Ya poco importa si el Gobierno Sánchez ha estado acertado o no en la diplomacia con Marruecos y por qué no se olió lo que se nos venía encima; ya da igual si Pablo Casado no ha sabido estar a la altura y se ha entregado al patrioterismo barato, haciendo infame y bochornoso seguidismo de Abascal, que exige emplear la fuerza armada contra unos supuestos soldados invasores que no son más que unos chiquillos famélicos y asustados.
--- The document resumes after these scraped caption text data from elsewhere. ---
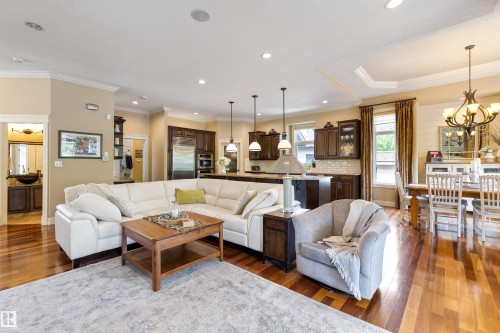 7 Kelso Crest, St. Albert, AB 
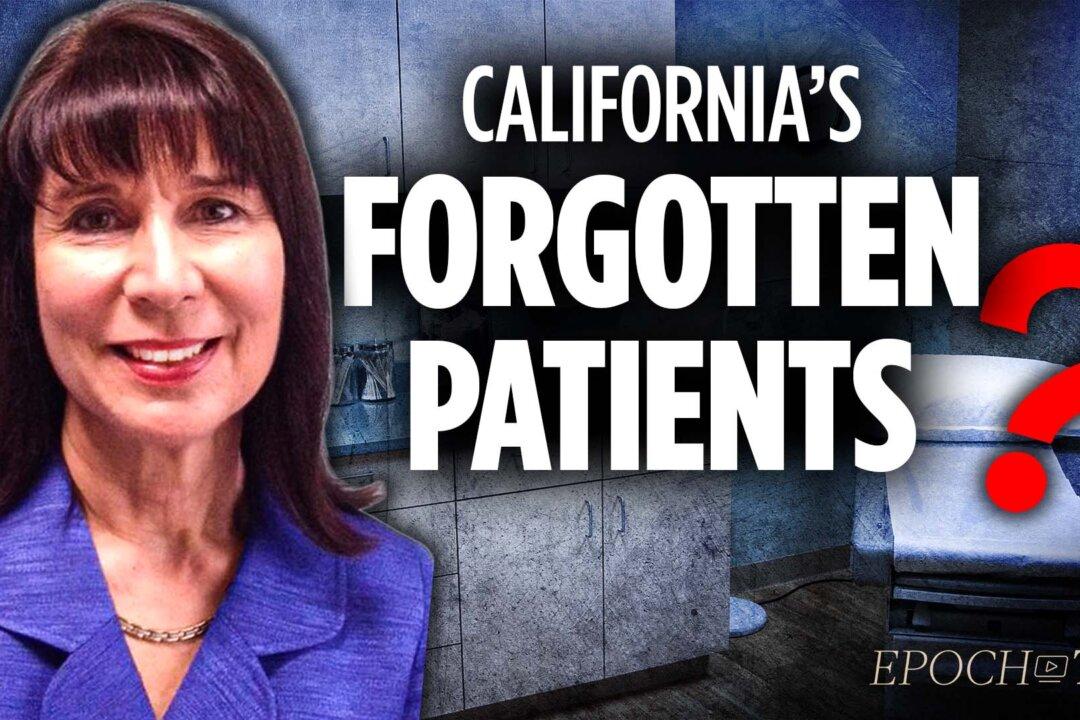 California Medical Board is Lenient with Misconduct: Patient Rights Advocate
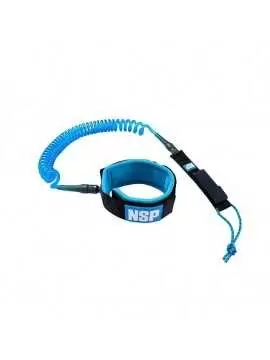 NSP Leash Sup Coil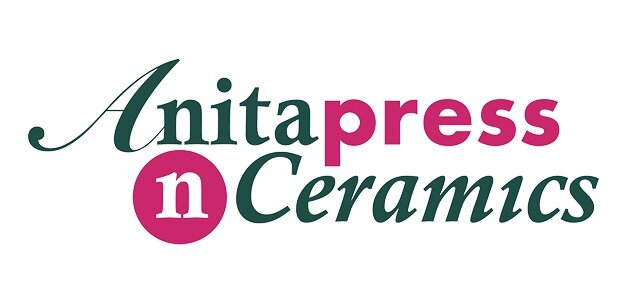 Anita Press n Ceramics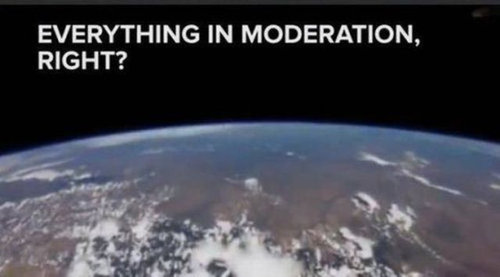 地球から酸素がなくなったら23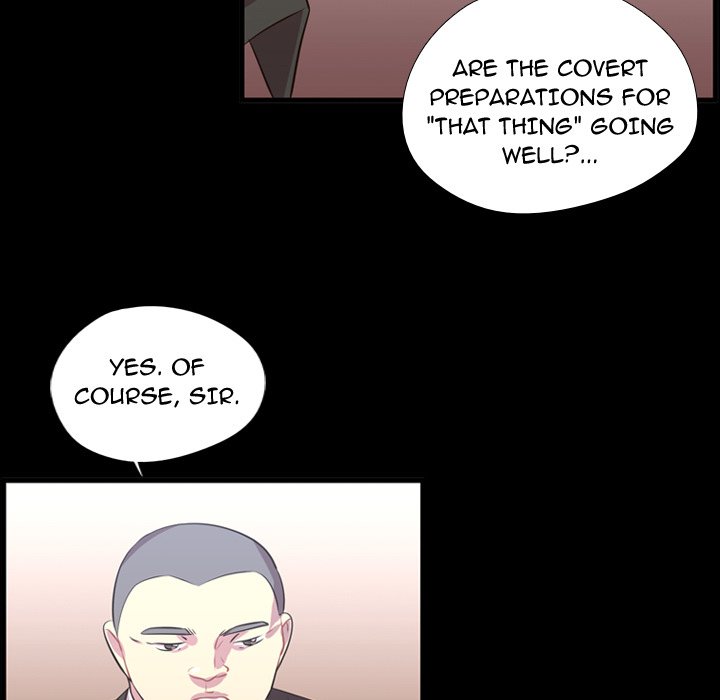 I Need Romance I Need Romance EP 57 - Toomics page 94 -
Lo verdaderamente importante es que los nuestros, los que estaban al pie del cañón, se han comportado con una entereza que asusta y han lanzado un mensaje fraternal al resto del mundo, que no es otro que a toda esta gente no hay que recibirla a porrazos ni con el fuego o las balas, sino que es preciso ayudarla, socorrerla, sacarla del mar, darle una manta térmica y un café caliente al menos. Ya llegará luego el momento de la repatriación si es que las leyes injustas nos impiden buscar un futuro mejor a estas generaciones machacadas por la desgracia colonialista y globalizante.
Jamás podremos olvidar esa imagen, ese pobre bebé sostenido entre los brazos de un agente que no entendía nada pero que cumplía con su deber con humanidad y buen corazón. Gracias a todos los que estuvisteis ayer en el infierno del Tarajal. Con gente como vosotros quizá no todo esté perdido y todavía haya una esperanza para la humanidad.